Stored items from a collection
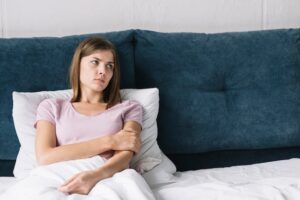 Mujer con insomnio en la cama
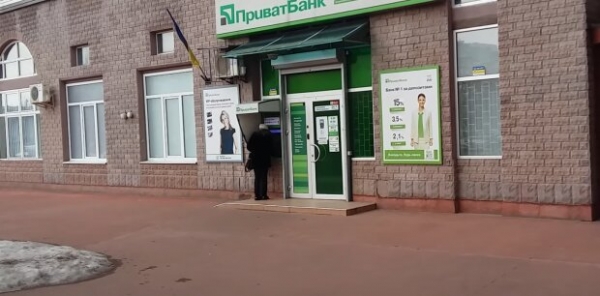 Украинцы жалуются на блокировку в ПриватБанке: в карантин заставили с ребенком бегать за справками Украинцы жалуются на блокировку в ПриватБанке: в карантин заставили с ребенком бегать за справками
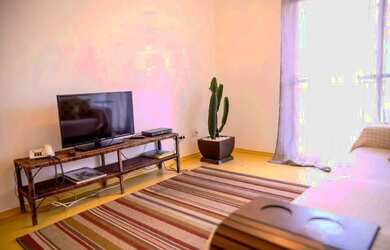 Imagem: O studio possui 1 Dormitório, 1 Banheiro, 1 Vaga na garagem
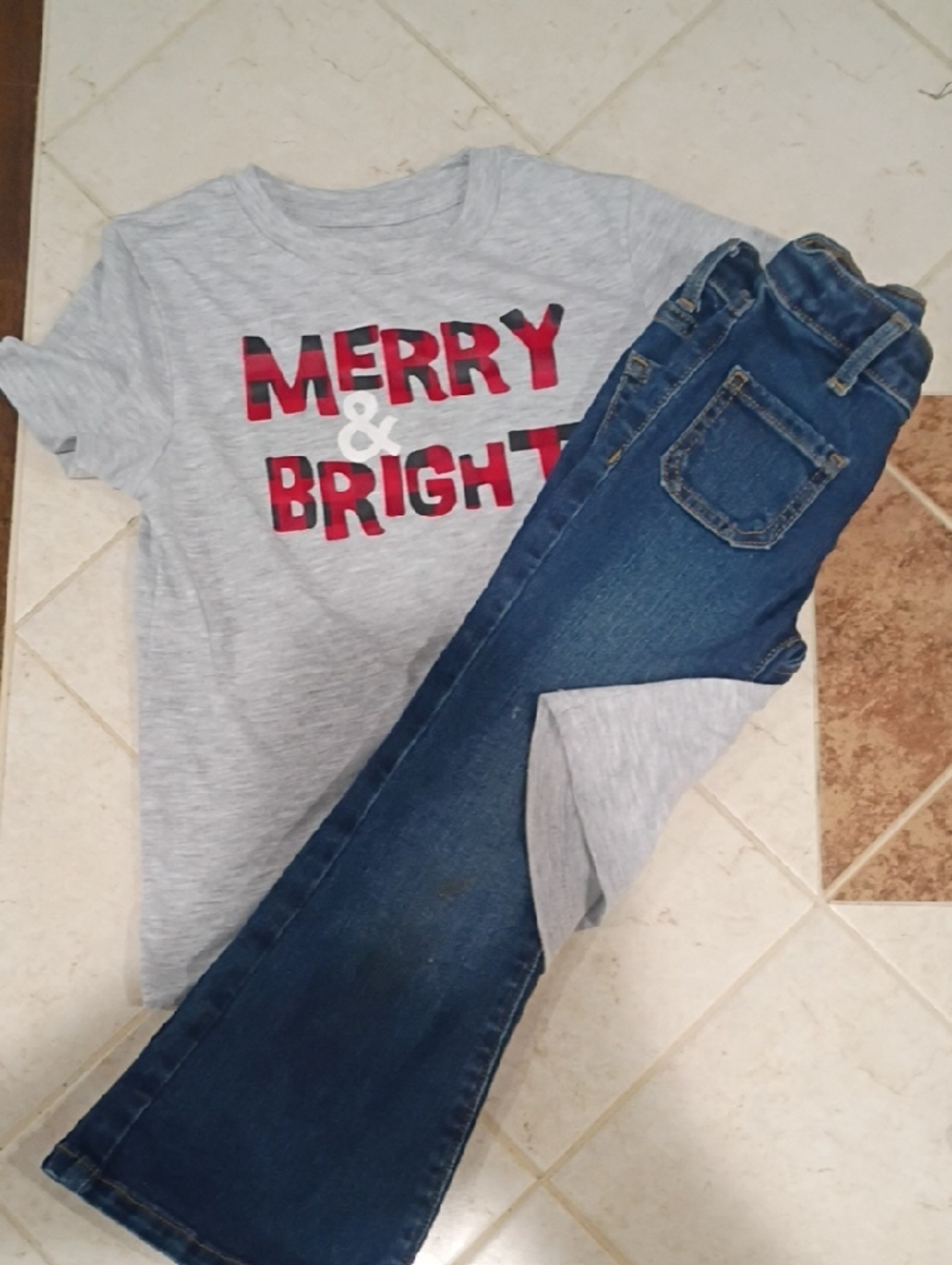 Wondershop Gray Tee with Red Plaid 'Merry & Bright' and Dark Blue Jeans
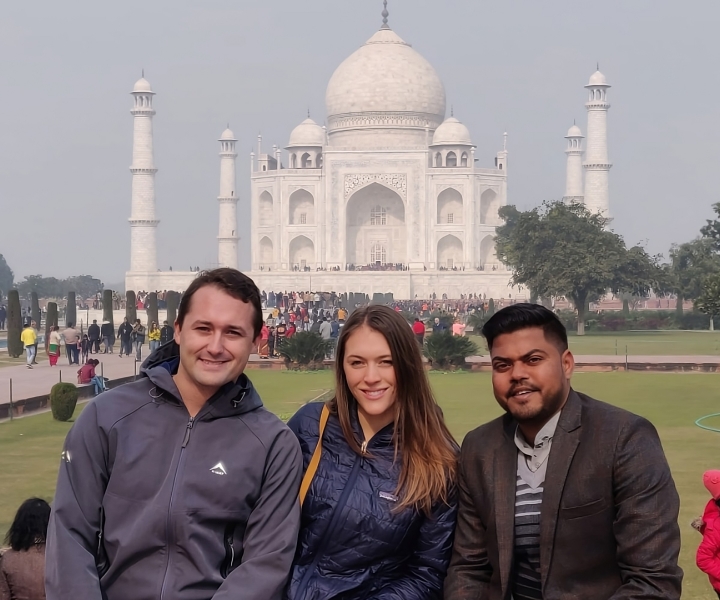 Desde Delhi: Amanecer del Taj Mahal, Fuerte de Agra y Excursión al Bebé Taj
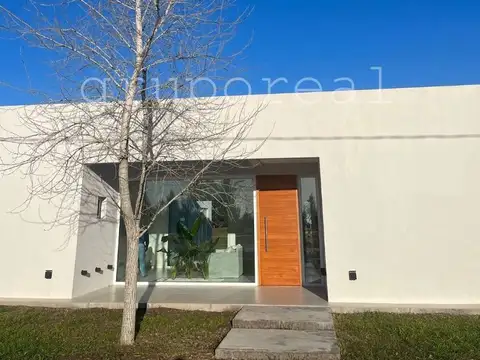 Moderna Propiedad en una Planta - Gran parque y piscina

### [Assignment]
An exact, image-free transcription of all the records above is needed.

### [Solution for this problem]
 Mujer con insomnio en la cama
 Украинцы жалуются на блокировку в ПриватБанке: в карантин заставили с ребенком бегать за справками Украинцы жалуются на блокировку в ПриватБанке: в карантин заставили с ребенком бегать за справками
 Imagem: O studio possui 1 Dormitório, 1 Banheiro, 1 Vaga na garagem
 Wondershop Gray Tee with Red Plaid 'Merry & Bright' and Dark Blue Jeans
 Desde Delhi: Amanecer del Taj Mahal, Fuerte de Agra y Excursión al Bebé Taj
 Moderna Propiedad en una Planta - Gran parque y piscina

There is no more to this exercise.